Lament is defined as "a passionate expression of grief or sorrow".
For weeks now, I have been looking forward to this season of Lent. With excitement almost; the complete opposite emotion of what Lent usually stirs up. I've been flirting with grief for quite some time now, and having the opportunity to fully embrace it feels comforting and right.
Because, for a few days, 40 to be exact, it is perfectly acceptable to live in a world of sadness and sorrow. In fact, Lent is the season to be, as the definition so clearly points out, passionate about our sadness and sorrow.
Passion is defined as "a strong and barely controllable emotion".
Imagine a season in which we are invited to sit with strong and uncontrolled grief or sorrow. Can we even do this? In a culture that encourages us to "think happy thoughts", "let go of sad thoughts that bring you down", "spread good vibes"... such nonsense... where is the message of wading through hard and painful emotions?
But if I have learned anything in the last 18 months of sitting with grief, it's that we need to do it. There are no other alternatives for healing or wholeness than sitting in the darkest places.

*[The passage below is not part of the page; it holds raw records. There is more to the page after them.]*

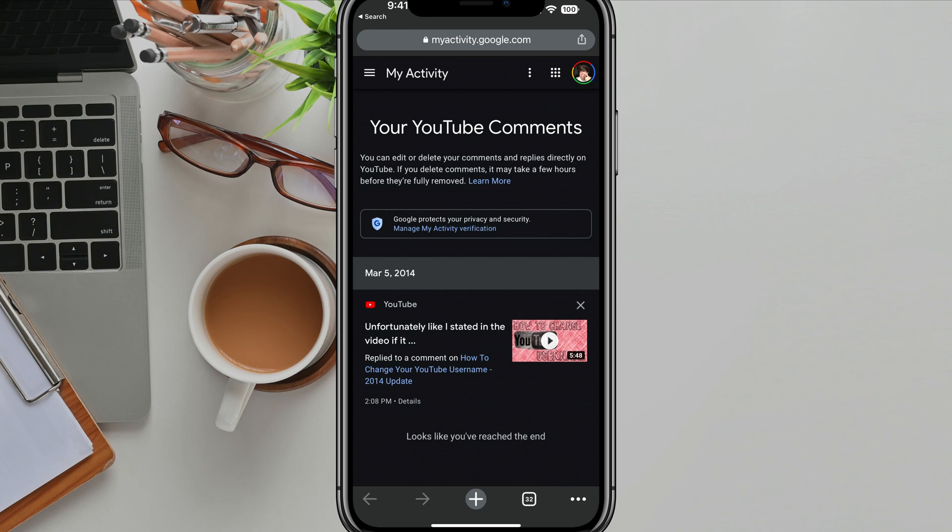So make sure you're logged into your account, go to history, navigate over to comments once you're on the desktop version of YouTube, and then you will be brought to a place where you can list and see all of your YouTube comments.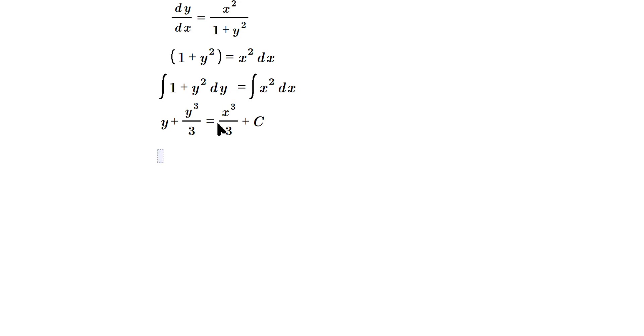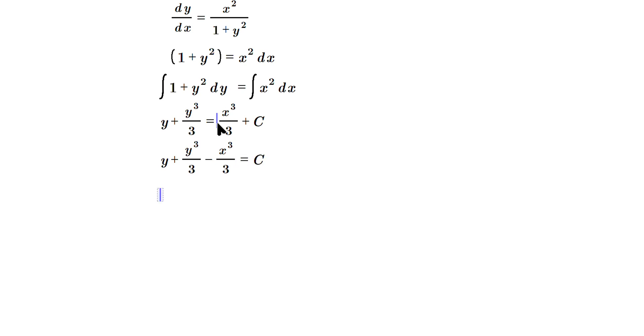Then you add the constant C. Then just move everything over to one side, so you can say y plus y cubed over three minus x cubed over three is equal to the constant C. The constant C can be found from applying whatever initial condition you're given, but here I don't have one, so this is pretty much the solution. You leave it in this form.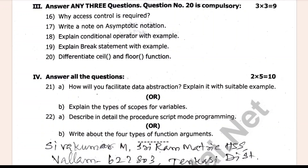Get to questions 20 to 22. How will you implement stacks and explain it with a suitable example. Explain the scope of a variable.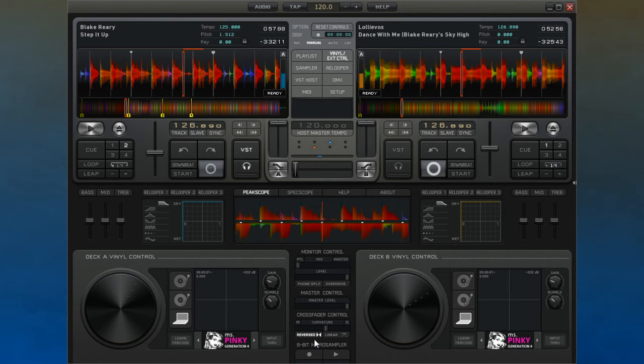The next video we will have a look at the peak scope and the spectroscope, which can be used to give you good visual feedback about the tracks being played.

Our "happiness" culture has gotten this one so very wrong. The "you can fix yourself in 5 easy and pain-free steps with this flaky mantra" is so very damaging.
Because, there is no quick and easy fix. There is no phrase that said hourly will make your child stop doing drugs. There is no flashy book written that will bring your spouse back to your marriage. There is no essential oil that will take away your decades long battle with depression.

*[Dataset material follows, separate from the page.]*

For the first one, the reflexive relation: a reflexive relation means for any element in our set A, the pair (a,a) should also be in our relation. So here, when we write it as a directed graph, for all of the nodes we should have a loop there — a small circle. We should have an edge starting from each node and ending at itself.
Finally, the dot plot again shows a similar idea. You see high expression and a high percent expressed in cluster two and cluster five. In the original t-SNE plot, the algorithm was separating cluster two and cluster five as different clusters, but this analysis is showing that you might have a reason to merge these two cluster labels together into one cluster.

There is no amount of mushrooms that I can eat that will take away my terminal cancer.
There is no quick fix for grief. And there is no healthy forward movement without looking that grief and sorrow full in the face and acknowledging it's presence in your life.

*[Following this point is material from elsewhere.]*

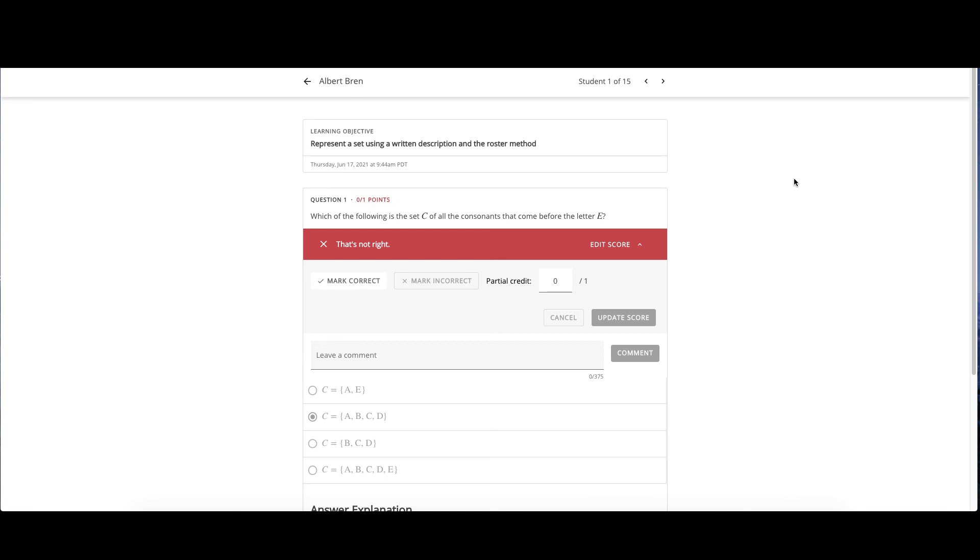That is how you review student performance results for quizzes and tests in Newton Alta.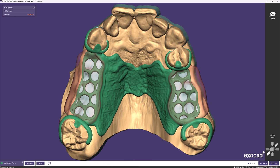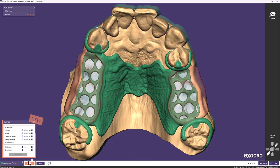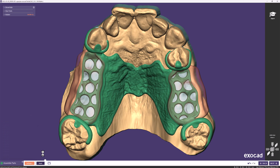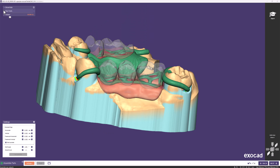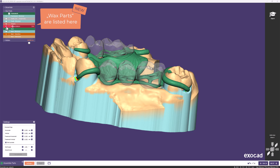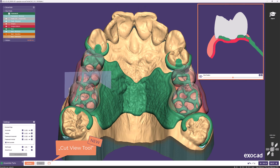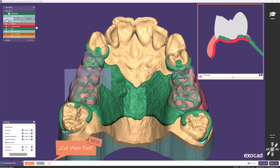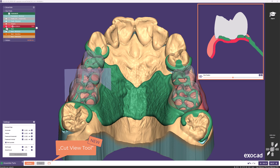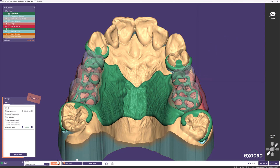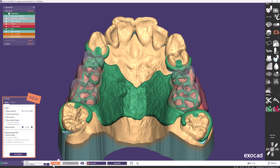The next step, Assemble Parts, is new. Here the calculation of all intersecting elements takes place — for example to create tooth pockets and to split the gingiva into separate parts. After calculation, teeth, gingiva, and gingiva bottom appear in the show/hide menu. You can still modify the partial framework design, but these parts will not adapt to further changes. The new Cut View tool, accessed by clicking the button next to Apply, uses distinct colors to show clearly that the gingiva has been split into two parts that fit together precisely.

And would you believe it? Every year, we are given 40 days dedicated to the passionate embrace of our grief and sorrow. So, even if we've been avoiding it for the whole rest of the year, we have a chance, in this season to grab it by the throat and engage.
It's completely freaky. Engaging in this will most likely undo you. It could get ugly-cry nasty. Painful memories will surface and break your heart. You will feel the discomfort of vulnerability and the scorch of shame. It will suck.
And... and... because there's always an and... it will be so wonderful.
Because, the second meaning of the word passion is "the suffering and death of Jesus".
And why did Jesus die? To SAVE us! To take away our pain and suffering. To be the one to sit with us in our seasons of passionate expressions of grief and sorrow. His death is what undoes our need for grief and sorrow.
The Passion of Christ is the embodiment of our grief and sorrow. In going to the cross, He took it all on Himself that we may be free. Free!
Free to sing and dance with joy. Free to celebrate life. Free to live fully.
Ah, a "strong and barely controllable emotion" of joy fills me just thinking on this. It is almost too much to put into words. There is no eloquence that can do it justice.
But, before we celebrate, we must mourn. Before we remember the resurrection, coming alive, we must pass through the valley of the shadow of death. For joy does not exist without knowing sorrow. Peace does not come without spending time with our grief.
So, I invite you to join me in this painful process of "expressing strong and barely controlled grief and sorrow". That in 40 days, we may emerge comforted and aware of the love that surrounds us. Perhaps there will be healing. Perhaps not. Perhaps there will be growth. Perhaps not. But I would pray for each one of us, that we would know, without a doubt that we are precious and worth dying for.
In this season, take the muddied and treacherous road to the foot of the cross. Traverse the dry and lonely places. Climb the highest mountains and wade through the roaring rivers. Find those trusted journey partners and set out with that cross in the distance, knowing you'll find rest at the end of your travels.
And then, in 40 days when the hard, sad work is done, together, we will celebrate. A life resurrected and a love deeper than any we can image.